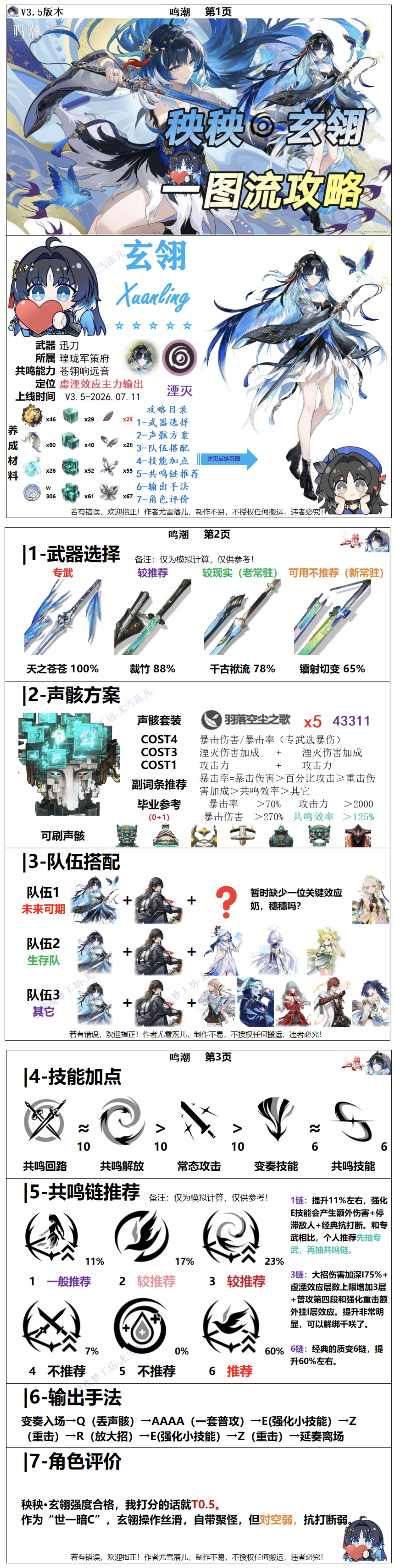 鸣潮【鸣潮】秧秧&middot;玄翎一图流攻略，武器、声骸、队伍、手法等讲解
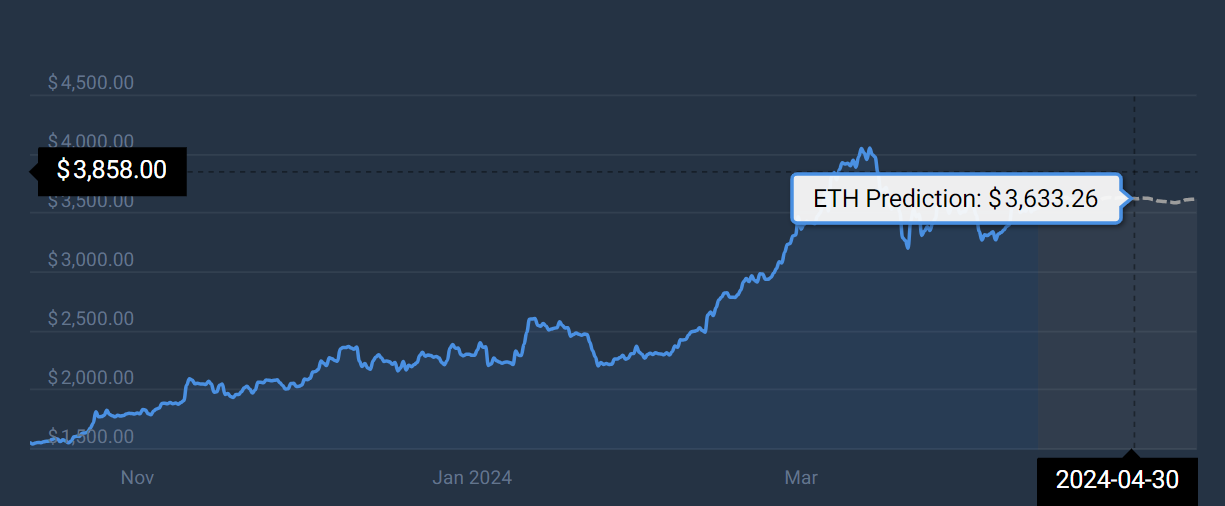 ETH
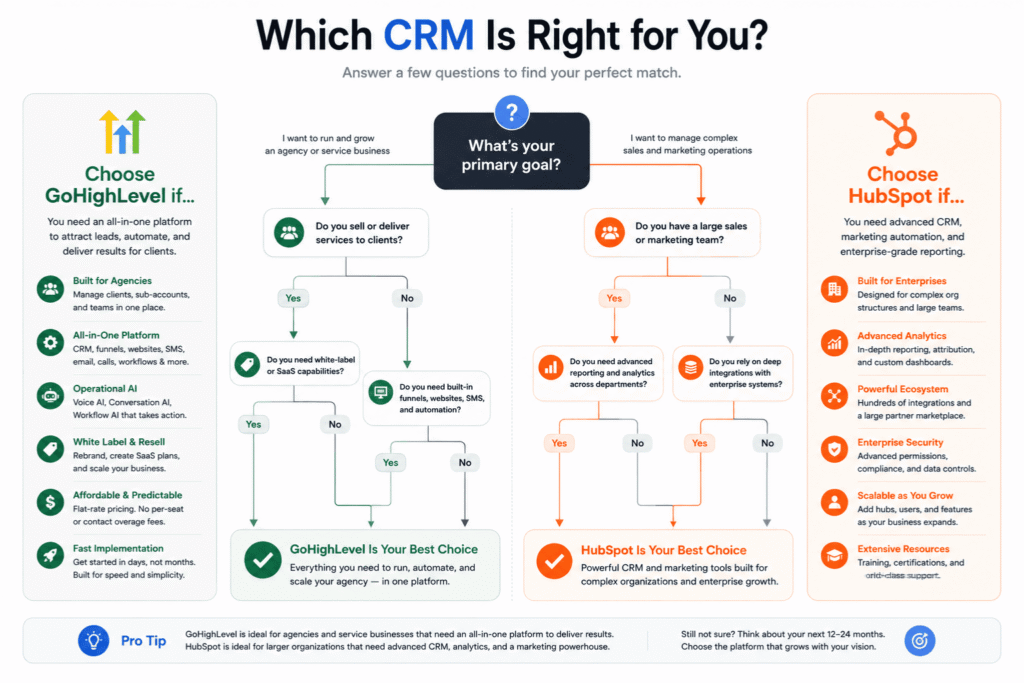 Decision tree showing when to choose GoHighLevel versus HubSpot based on business size goals and CRM requirements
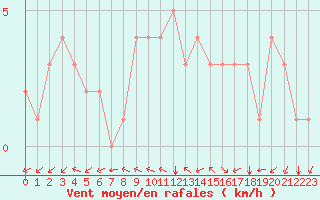 Courbe de la force du vent pour Douzy (08)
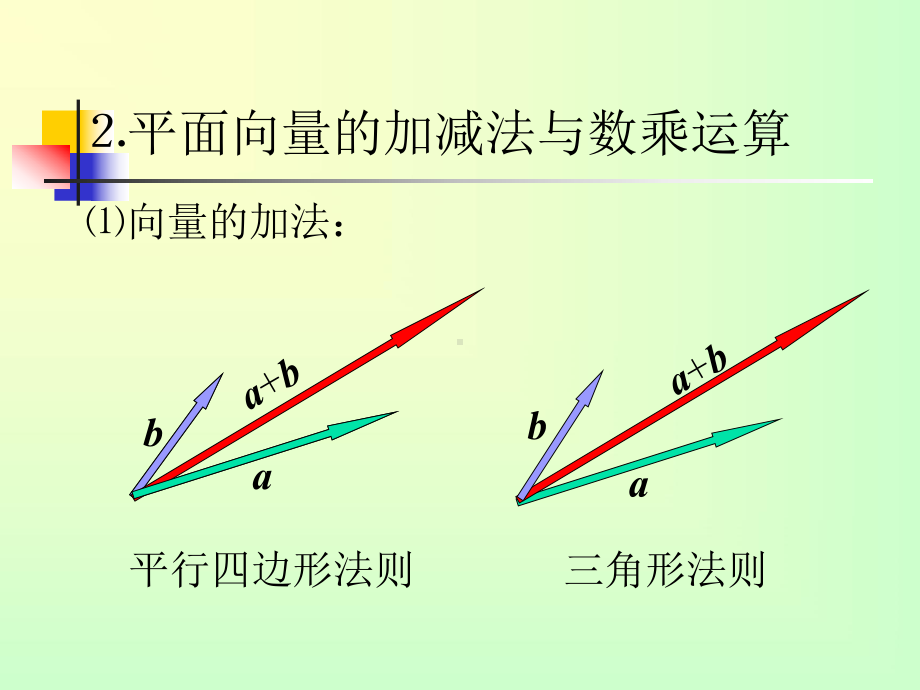 《空间向量及其加减与数乘运算》公开课课件2.ppt_第3页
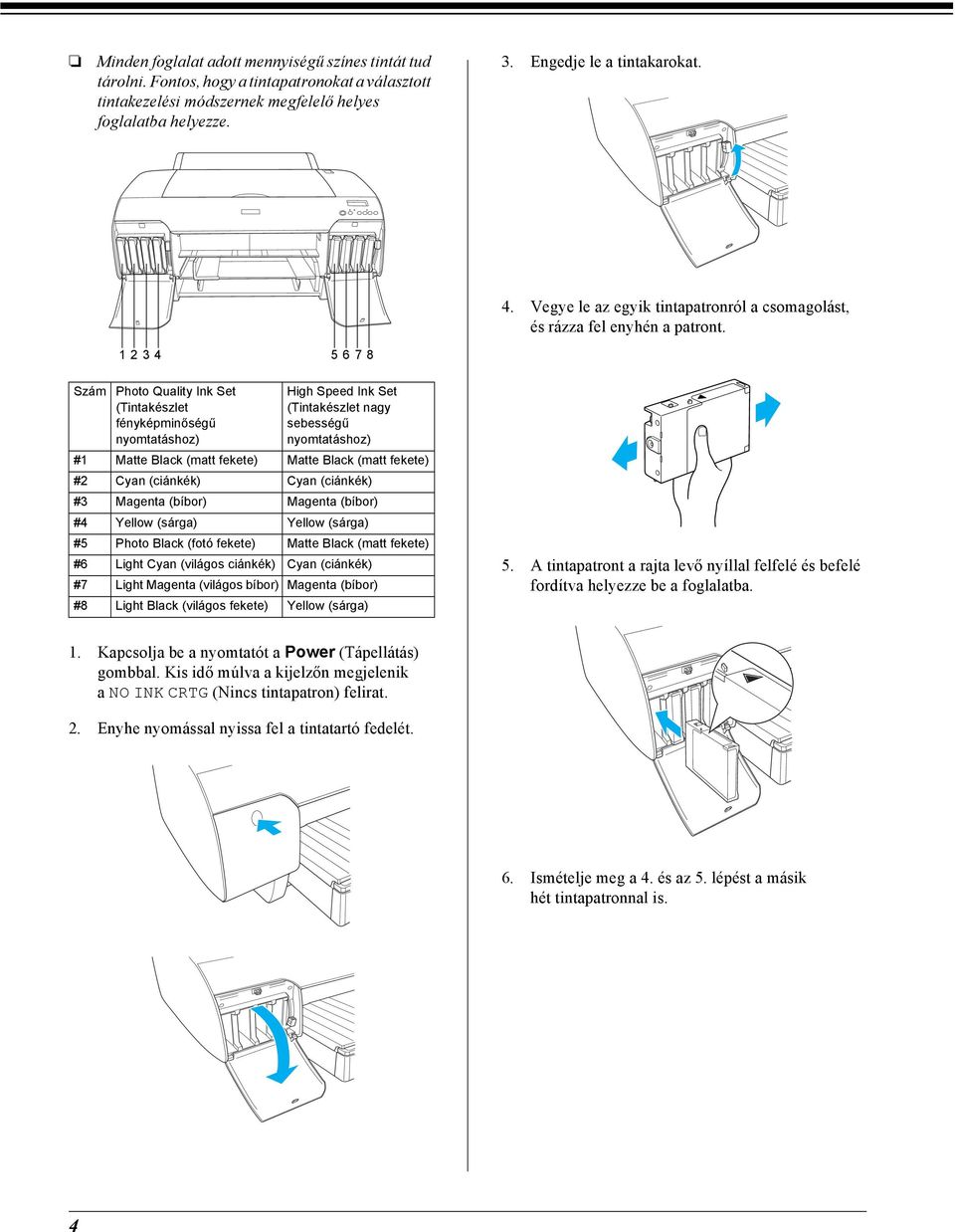 Szám Photo Quality Ink Set (Tintakészlet fényképminőségű nyomtatáshoz) High Speed Ink Set (Tintakészlet nagy sebességű nyomtatáshoz) #1 Matte Black (matt fekete) Matte Black (matt fekete) #2 Cyan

════════════════════

_WORK ORDER_.
Exactly as written, set down each line of the records, leaving out the pictures.

_RESPONSE AREA_.
 鸣潮【鸣潮】秧秧&middot;玄翎一图流攻略，武器、声骸、队伍、手法等讲解
 ETH
 Decision tree showing when to choose GoHighLevel versus HubSpot based on business size goals and CRM requirements
 Courbe de la force du vent pour Douzy (08)
 《空间向量及其加减与数乘运算》公开课课件2.ppt_第3页
 Szám Photo Quality Ink Set (Tintakészlet fényképminőségű nyomtatáshoz) High Speed Ink Set (Tintakészlet nagy sebességű nyomtatáshoz) #1 Matte Black (matt fekete) Matte Black (matt fekete) #2 Cyan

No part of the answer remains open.